State Rep. Mary Ann Sullivan is as moderate a voice on education issues as you’ll find among Indiana House Democrats. An organizer of the new group Indiana Democrats for Education Reform, she is co-author of a bill to expand charter schools and favors parts of the Daniels-Bennett education agenda.
But she’s with her Democratic colleagues at the Comfort Suites hotel in Urbana, Ill., helping put the brakes on what caucus leaders call a “radical agenda” to dismantle public education, drive down wages, and roll back workers’ rights.
Sullivan might not use the same rhetoric. But she said the onslaught of proposed changes in how schools operate, coupled with the Republican majority’s refusal to compromise, forced Democrats to take dramatic action to call attention to the issues.
“If at least more people pay attention to what’s happening, I think that’s a worthy goal in itself,” Sullivan, D-Indianapolis, told School Matters.
The straw that broke the camel’s back, she said, was the right-to-work bill that Republicans pushed through the House Labor Committee Monday. Democrats left town the next day.
Let’s just say it’s a mystery why House Speaker Brian Bosma, R-Indianapolis, advanced the right-to-work bill, even though Gov. Mitch Daniels warned against doing so. Bosma had to know Democrats would walk out over the bill, but sometimes people lose perspective in a legislative session. Or maybe a House Republican went to the recent Conservative Political Action Committee conference and heard an Americans for Prosperity staffer insist it’s time to “take the unions out at the knees.”
Even without right-to-work, however, tension had been building at the Statehouse over labor and education issues, including the school reforms that Daniels and Superintendent of Public Instruction Tony Bennett are championing.
“There’s been an attitude on some of these bills of, ‘It’s our way or the highway,’” Rep.
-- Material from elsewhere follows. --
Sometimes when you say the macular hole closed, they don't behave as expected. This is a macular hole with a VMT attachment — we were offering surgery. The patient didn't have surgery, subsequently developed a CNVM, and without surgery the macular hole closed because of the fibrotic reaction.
Peggy Welch, another moderate Democrat, told the Bloomington Herald-Times last week from Urbana. “We had to choose the highway to make sure our voice was heard.”
Although Sullivan is the No. 2 author of the charter-schools bill, Republicans rejected two moderating amendments that she offered on the House floor. One would have removed language that lets any private college sponsor a charter school; the other would have deleted the “parent trigger” provision that lets 51 percent of parents convert any public school to a charter school.
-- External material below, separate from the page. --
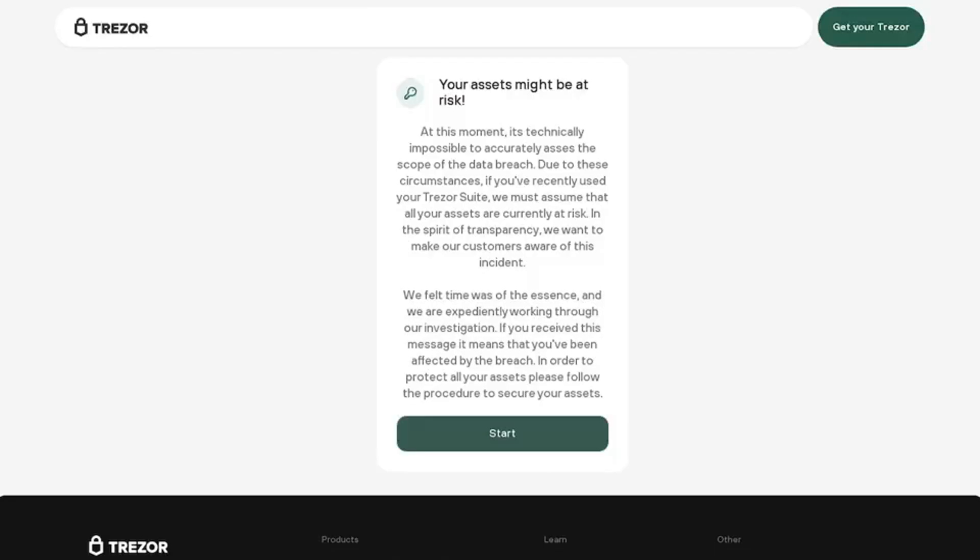Darknet bad actors work together to steal your crypto. Binance CSO: crypto hackers have turned their attention towards the crypto user and security hygiene is more important than ever, according to Binance's Jimmy Su.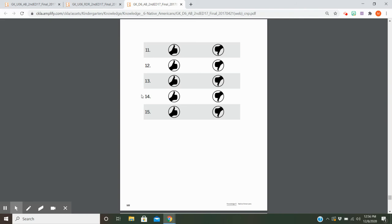Number fourteen: For Thanksgiving, do some families feast on turkey, mashed potatoes, corn, green beans, and pumpkin pie? And the last one: Do some families have special traditions like eating certain foods on certain holidays?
Sullivan supports charter schools but opposes voucher programs, including House Bill 1003, which would provide taxpayer subsidies to middle-income families who transfer their children from public to private schools. “I just don’t think it’s good public policy,” she said. “My first duty is to make sure we have a really good system of public schools in the state.”
She thinks there is merit in proposals to change the way teachers are evaluated and compensated. But she understands that it requires a “leap of faith” for teachers to think that yet-to-be-designed systems of evaluation and merit pay will be fair.
Sullivan said she hopes the Democratic walkout, if nothing else, can slow the runaway legislative train and give the public a chance to understand what’s at stake. “I’m very interesting in making sure the right voices are heard,” she said. “These are sweeping changes.”